We also must consider that we are still in the early stages of crypto. New blockchains are invented every day. Qortal, a relatively unknown blockchain in its early stages… is decentralized through minters contributing to its network, by which every minter gets an equal vote. This is an example of how a blockchain could be much more inclusive in terms of people getting a fair voice in the future direction of the blockchain. In such system your voice is not dependent upon how much you can afford in mining equipment, or how much crypto you can afford to stake. It depends on your contribution to the network.
For many of us, when we first purchased Crypto it was through an exchange like Coinbase. When we heard that exchanges were being hacked, we may have moved our crypto off the exchange and into a crypto wallet. From there, some of us have even went on and used a decentralized exchange to buy cryptocurrency.
Looking back, our first use of a centralized crypto exchange may have only been an on-ramp into crypto.
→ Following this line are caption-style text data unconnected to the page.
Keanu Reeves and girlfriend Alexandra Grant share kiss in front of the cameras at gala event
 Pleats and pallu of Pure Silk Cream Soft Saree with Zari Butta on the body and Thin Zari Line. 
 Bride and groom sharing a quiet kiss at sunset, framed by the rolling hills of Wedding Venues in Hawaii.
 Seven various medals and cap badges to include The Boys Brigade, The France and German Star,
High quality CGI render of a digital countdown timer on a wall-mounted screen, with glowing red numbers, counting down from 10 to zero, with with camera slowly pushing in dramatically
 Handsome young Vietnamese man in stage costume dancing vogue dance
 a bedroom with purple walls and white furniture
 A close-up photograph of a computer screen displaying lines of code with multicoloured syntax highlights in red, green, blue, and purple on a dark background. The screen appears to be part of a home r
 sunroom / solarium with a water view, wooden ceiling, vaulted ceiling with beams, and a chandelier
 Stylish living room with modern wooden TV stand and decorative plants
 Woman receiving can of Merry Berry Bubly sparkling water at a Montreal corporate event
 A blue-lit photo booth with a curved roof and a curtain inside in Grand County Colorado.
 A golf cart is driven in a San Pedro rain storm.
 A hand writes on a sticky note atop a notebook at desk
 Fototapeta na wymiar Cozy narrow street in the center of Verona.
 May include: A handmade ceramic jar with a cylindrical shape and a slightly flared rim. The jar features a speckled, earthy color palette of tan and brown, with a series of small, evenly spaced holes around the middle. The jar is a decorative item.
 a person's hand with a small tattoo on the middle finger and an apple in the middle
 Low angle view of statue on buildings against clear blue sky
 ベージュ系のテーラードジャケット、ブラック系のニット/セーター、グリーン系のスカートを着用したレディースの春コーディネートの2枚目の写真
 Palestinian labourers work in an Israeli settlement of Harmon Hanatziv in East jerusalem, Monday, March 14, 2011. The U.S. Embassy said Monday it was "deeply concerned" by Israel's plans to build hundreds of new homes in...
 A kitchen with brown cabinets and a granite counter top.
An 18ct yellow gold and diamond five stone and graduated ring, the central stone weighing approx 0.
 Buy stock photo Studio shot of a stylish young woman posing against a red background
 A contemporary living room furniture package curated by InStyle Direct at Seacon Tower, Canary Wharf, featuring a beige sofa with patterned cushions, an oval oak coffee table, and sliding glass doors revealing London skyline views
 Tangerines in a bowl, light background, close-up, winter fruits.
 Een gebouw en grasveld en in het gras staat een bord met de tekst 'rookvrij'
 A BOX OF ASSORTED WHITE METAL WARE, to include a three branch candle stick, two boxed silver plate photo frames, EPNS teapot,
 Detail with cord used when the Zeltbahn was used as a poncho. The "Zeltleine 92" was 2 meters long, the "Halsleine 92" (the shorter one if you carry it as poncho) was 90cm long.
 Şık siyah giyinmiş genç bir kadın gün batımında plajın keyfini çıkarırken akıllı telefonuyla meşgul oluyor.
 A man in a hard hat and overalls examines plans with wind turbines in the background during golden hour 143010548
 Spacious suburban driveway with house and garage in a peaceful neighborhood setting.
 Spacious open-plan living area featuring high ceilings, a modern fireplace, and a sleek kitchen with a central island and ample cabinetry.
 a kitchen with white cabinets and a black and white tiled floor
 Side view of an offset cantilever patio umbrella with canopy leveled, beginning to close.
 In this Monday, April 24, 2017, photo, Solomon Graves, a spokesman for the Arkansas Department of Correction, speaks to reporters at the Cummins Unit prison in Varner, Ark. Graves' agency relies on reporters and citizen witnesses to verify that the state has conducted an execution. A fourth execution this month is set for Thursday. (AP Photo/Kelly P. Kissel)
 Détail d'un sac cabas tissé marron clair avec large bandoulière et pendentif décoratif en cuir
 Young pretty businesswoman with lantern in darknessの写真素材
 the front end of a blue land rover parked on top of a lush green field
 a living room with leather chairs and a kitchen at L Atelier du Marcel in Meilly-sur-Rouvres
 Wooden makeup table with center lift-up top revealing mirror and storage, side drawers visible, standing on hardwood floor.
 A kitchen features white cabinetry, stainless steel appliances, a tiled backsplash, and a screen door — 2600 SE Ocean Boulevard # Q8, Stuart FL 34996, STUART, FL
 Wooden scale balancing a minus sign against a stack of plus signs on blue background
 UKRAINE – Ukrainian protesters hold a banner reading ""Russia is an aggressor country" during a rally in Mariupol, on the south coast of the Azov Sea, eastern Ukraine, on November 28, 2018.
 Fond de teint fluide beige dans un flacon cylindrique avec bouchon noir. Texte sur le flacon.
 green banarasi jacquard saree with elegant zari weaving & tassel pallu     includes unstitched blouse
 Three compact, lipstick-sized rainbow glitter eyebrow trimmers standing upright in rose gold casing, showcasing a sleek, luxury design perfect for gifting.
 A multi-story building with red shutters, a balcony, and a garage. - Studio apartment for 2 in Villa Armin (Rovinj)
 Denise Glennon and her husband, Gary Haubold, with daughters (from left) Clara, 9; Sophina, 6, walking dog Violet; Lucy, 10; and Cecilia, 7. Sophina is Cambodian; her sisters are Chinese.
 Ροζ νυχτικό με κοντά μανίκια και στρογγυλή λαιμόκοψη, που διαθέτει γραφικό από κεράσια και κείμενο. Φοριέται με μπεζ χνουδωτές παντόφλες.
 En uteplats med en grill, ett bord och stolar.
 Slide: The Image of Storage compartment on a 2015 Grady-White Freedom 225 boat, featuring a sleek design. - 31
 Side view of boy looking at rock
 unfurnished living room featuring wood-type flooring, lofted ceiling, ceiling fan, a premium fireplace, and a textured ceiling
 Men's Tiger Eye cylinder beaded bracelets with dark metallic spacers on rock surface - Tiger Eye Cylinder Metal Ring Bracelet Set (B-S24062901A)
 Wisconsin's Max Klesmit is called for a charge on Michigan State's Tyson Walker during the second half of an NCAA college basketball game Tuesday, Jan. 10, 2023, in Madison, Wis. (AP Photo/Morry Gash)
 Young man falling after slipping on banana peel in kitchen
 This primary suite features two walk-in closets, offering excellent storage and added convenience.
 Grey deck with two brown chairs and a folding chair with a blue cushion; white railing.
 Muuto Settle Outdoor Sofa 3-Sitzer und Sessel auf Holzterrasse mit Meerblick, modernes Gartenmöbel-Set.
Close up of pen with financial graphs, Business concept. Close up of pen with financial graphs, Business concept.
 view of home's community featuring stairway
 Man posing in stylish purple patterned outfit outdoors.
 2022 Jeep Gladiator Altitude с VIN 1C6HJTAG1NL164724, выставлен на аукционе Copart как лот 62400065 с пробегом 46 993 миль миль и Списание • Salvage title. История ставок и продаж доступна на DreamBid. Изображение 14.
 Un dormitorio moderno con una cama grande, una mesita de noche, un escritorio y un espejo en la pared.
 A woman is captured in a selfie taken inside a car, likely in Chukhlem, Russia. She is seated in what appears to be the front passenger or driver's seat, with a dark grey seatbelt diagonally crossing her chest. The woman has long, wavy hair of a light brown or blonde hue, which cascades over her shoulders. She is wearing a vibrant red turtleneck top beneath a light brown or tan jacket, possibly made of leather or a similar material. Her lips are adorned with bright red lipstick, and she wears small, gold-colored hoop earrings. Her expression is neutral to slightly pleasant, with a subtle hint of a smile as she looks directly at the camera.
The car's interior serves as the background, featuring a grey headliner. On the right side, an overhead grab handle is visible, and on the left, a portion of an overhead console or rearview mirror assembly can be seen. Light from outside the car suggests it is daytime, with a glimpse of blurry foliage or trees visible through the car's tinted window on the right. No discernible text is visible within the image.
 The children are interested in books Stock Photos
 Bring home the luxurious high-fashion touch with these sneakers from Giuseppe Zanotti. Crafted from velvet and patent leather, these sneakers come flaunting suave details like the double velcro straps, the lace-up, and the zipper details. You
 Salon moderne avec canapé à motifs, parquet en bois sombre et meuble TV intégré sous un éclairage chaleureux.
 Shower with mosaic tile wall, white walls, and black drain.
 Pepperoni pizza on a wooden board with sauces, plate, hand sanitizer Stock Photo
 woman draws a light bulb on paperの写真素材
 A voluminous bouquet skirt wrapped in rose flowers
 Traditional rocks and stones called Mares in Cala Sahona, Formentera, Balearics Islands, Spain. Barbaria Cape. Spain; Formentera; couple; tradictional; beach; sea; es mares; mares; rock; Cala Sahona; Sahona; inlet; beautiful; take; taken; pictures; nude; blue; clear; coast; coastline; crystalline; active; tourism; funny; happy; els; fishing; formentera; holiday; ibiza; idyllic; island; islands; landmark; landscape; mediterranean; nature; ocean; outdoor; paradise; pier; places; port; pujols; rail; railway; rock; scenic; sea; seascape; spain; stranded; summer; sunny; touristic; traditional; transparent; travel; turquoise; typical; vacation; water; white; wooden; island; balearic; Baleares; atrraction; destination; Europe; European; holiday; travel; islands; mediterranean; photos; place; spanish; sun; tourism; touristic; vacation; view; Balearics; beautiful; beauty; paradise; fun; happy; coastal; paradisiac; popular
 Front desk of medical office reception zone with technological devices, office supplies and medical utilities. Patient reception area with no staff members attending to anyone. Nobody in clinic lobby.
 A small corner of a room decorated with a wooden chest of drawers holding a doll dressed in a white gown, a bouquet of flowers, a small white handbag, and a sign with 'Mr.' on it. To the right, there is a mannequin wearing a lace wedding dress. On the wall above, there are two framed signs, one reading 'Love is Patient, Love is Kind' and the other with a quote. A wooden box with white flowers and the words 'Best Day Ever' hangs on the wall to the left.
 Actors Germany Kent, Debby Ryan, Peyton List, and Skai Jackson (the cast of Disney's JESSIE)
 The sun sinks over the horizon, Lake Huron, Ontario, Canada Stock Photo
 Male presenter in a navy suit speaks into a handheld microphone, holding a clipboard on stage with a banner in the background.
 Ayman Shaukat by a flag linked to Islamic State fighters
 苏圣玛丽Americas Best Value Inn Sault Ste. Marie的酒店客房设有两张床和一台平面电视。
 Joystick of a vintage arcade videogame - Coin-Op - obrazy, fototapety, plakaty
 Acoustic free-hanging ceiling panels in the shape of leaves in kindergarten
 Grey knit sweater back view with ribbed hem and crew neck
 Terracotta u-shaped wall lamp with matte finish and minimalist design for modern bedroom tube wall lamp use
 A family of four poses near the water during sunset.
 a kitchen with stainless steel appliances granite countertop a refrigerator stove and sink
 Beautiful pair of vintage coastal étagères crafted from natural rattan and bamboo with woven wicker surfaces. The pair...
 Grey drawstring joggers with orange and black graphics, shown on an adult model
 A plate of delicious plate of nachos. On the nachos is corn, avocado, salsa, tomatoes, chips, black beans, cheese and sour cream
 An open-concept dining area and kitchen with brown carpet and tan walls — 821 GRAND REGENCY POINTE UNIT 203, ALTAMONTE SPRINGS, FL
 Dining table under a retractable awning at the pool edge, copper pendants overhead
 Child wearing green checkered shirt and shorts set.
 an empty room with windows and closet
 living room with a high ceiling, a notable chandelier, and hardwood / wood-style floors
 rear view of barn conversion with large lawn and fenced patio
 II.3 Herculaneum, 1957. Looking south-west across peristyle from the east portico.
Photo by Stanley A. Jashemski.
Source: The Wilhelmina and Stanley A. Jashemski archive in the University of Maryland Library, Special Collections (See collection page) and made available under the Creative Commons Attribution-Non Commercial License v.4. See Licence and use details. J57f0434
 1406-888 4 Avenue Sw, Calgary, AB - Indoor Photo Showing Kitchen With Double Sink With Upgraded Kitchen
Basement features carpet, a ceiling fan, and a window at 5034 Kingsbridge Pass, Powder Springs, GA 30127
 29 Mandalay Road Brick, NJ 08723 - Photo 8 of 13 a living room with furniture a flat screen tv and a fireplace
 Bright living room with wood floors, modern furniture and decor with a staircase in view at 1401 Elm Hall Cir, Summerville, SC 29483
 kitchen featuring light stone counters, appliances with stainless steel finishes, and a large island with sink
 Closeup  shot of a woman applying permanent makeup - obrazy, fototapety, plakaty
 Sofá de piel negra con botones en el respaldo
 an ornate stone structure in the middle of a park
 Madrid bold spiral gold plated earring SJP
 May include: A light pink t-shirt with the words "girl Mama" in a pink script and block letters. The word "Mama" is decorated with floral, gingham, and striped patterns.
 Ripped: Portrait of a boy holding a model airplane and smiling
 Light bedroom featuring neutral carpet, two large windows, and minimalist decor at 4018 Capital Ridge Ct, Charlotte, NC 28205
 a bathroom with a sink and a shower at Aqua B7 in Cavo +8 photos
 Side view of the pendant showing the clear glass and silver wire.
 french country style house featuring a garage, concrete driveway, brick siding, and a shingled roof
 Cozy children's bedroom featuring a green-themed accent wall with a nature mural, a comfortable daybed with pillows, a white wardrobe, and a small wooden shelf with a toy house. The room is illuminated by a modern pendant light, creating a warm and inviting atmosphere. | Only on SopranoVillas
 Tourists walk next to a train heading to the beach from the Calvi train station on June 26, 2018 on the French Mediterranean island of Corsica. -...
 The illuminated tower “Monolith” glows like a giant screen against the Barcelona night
In some ways, Bitcoin and Ethereum too are just on-ramps into the new crypto economy. We cannot close a blind eye to them becoming exclusive only to people who can prove their wealth to the system. As both of these cryptocurrencies are still under development in pursuit of scalable decentralization, it understandable that unintended consequences may arise (but such consequences need to be resolved).
Bitcoin has only been around for a little over decade, which is a very short span in the history of money. And it is our very own attention, engagement and voices that will decide the future of blockchains. There are thousands of cryptocurrencies in existence to explore, some of which will align with our principles and values (and some that will not). But as crypto enthusiasts, remember that projects like Bitcoin were begun by cypherpunks, and still have active communities deciding upon its future direction. There are many idealists in these communities, who have gifted us with the potential for our individual sovereignty with peer-to-peer transactions. So let’s give homage to these groundbreaking achievers. Acknowledge that there is still plenty of innovation needed to perfect our blockchains. And be sure to support the best-efforts to accomplish the completion of democratic cryptocurrencies, equal to us all and not just the wealthy.